Calibration errors are < 0.5 % and the low systematic error level is well specified .
The cosmic microwave background ( CMB ) is separated from the foregrounds using multifrequency data .
The sky maps are consistent with the 7 ^ { \circ } full-width at half-maximum ( FWHM ) Cosmic Background Explorer ( COBE ) maps .
We report more precise , but consistent , dipole and quadrupole values .

The CMB anisotropy obeys Gaussian statistics with -58 < f _ { NL } < 134 ( 95 % CL ) .
The 2 \leq l \leq 900 anisotropy power spectrum is cosmic variance limited for l < 354 with a signal-to-noise ratio > 1 per mode to l = 658 .
The temperature-polarization cross-power spectrum reveals both acoustic features and a large angle correlation from reionization .
The optical depth of reionization is \tau = 0.17 \pm 0.04 , which implies a reionization epoch of t _ { r } = 180 ^ { +220 } _ { -80 } Myr ( 95 % CL ) after the Big Bang at a redshift of z _ { r } = 20 ^ { +10 } _ { -9 } ( 95 % CL ) for a range of ionization scenarios .
This early reionization is incompatible with the presence of a significant warm dark matter density .

A best-fit cosmological model to the CMB and other measures of large scale structure works remarkably well with only a few parameters .
The age of the best-fit universe is t _ { 0 } = 13.7 \pm 0.2 \mbox { Gyr } old .
Decoupling was t _ { dec } = 379 ^ { +8 } _ { -7 } \mbox { kyr } after the Big Bang at a redshift of z _ { dec } = 1089 \pm 1 .
The thickness of the decoupling surface was \Delta z _ { dec } = 195 \pm 2 .
The matter density of the universe is \Omega _ { m } h ^ { 2 } = 0.135 ^ { +0.008 } _ { -0.009 } , the baryon density is \Omega _ { b } h ^ { 2 } = 0.0224 \pm 0.0009 , and the total mass-energy of the universe is \Omega _ { tot } = 1.02 \pm 0.02 .
It appears that there may be progressively less fluctuation power on smaller scales , from WMAP to fine scale CMB measurements to galaxies and finally to the Ly- \alpha forest .
This may be accounted for with a running spectral index of scalar fluctuations , fit as n _ { s } = 0.93 \pm 0.03 at wavenumber k _ { 0 } = 0.05 Mpc ^ { -1 } ( l _ { eff } \approx 700 ) , with a slope of dn _ { s } / d \ln { k } = -0.031 ^ { +0.016 } _ { -0.018 } in the best-fit model .
( For WMAP data alone , n _ { s } = 0.99 \pm 0.04 . )
This flat universe model is composed of 4.4 % baryons , 22 % dark matter and 73 % dark energy .
The dark energy equation of state is limited to w < -0.78 ( 95 \% \mbox { CL } ) .

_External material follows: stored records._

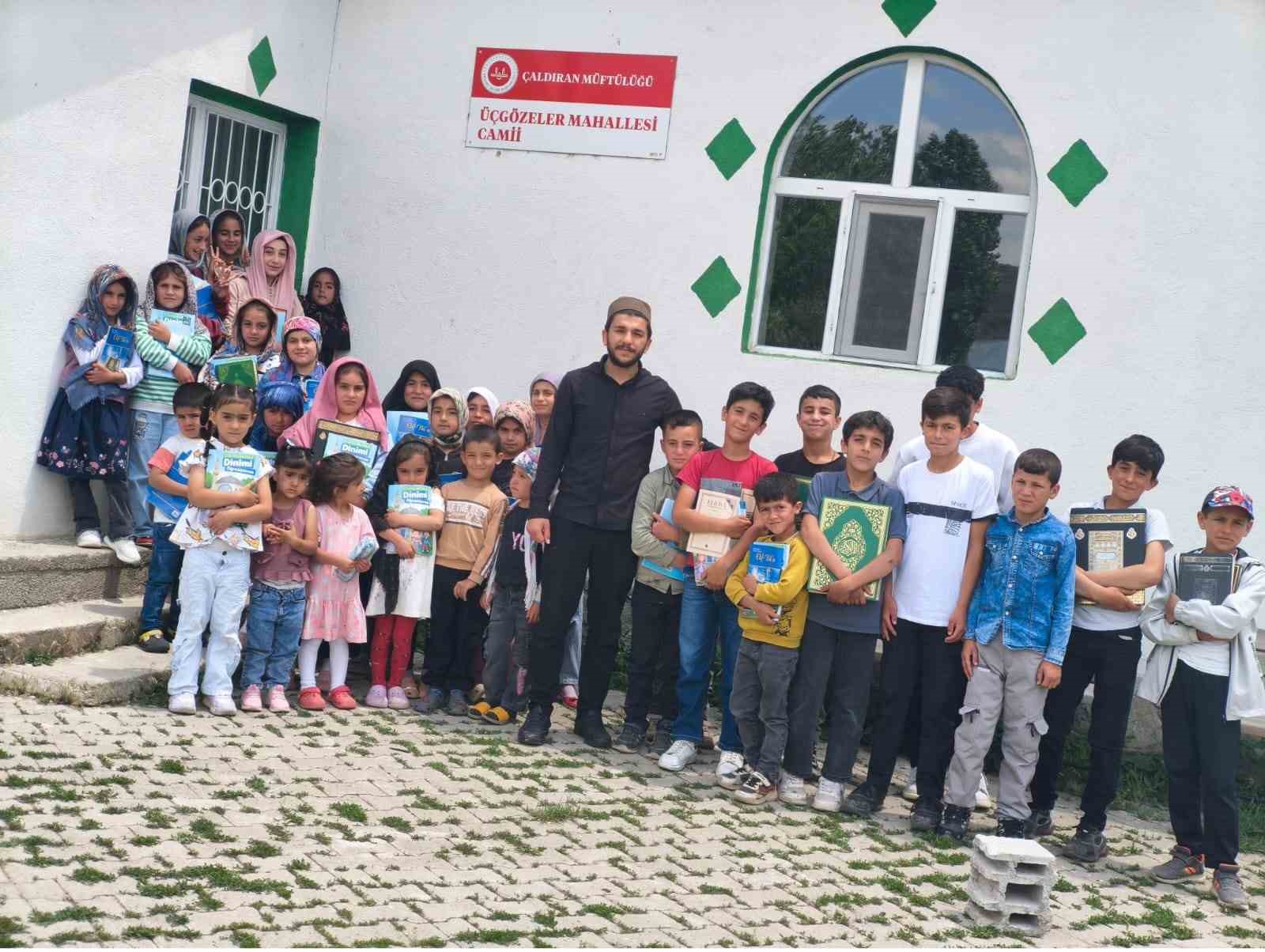 ÇALDIRAN’DA YAZ KUR’AN KURSLARI BÜYÜK BİR COŞKUYLA BAŞLADI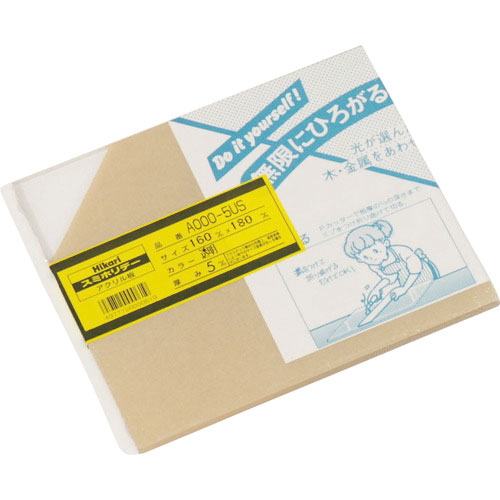 光　アクリル板透明５×１６０×１８０ｍｍ＿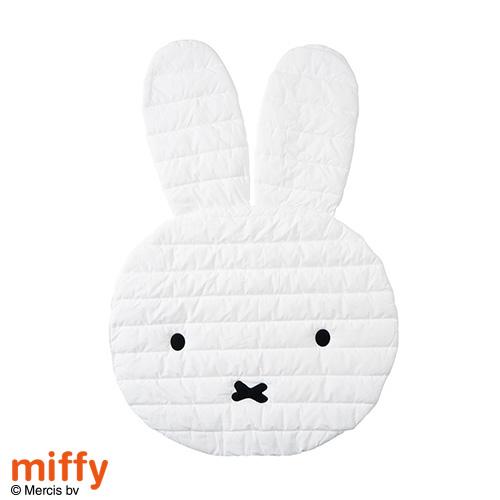 西川 ふれあいマット ミッフィー miffy プレイマッ ト 綿100% ベビー 子供用 ジュニア ラグ 滑り止め付き シンプル プレゼント ギフト 出産祝い | 西川 | 01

Inflation theory is supported with n _ { s } \approx 1 , \Omega _ { tot } \approx 1 , Gaussian random phases of the CMB anisotropy , and superhorizon fluctuations implied by the TE anticorrelations at decoupling .
An admixture of isocurvature modes does not improve the fit .
The tensor-to-scalar ratio is r ( k _ { 0 } = 0.002 \mbox { Mpc } ^ { -1 } ) < 0.90 ( 95 % CL ) .
The lack of CMB fluctuation power on the largest angular scales reported by COBE and confirmed by WMAP is intriguing . WMAP continues to operate , so results will improve .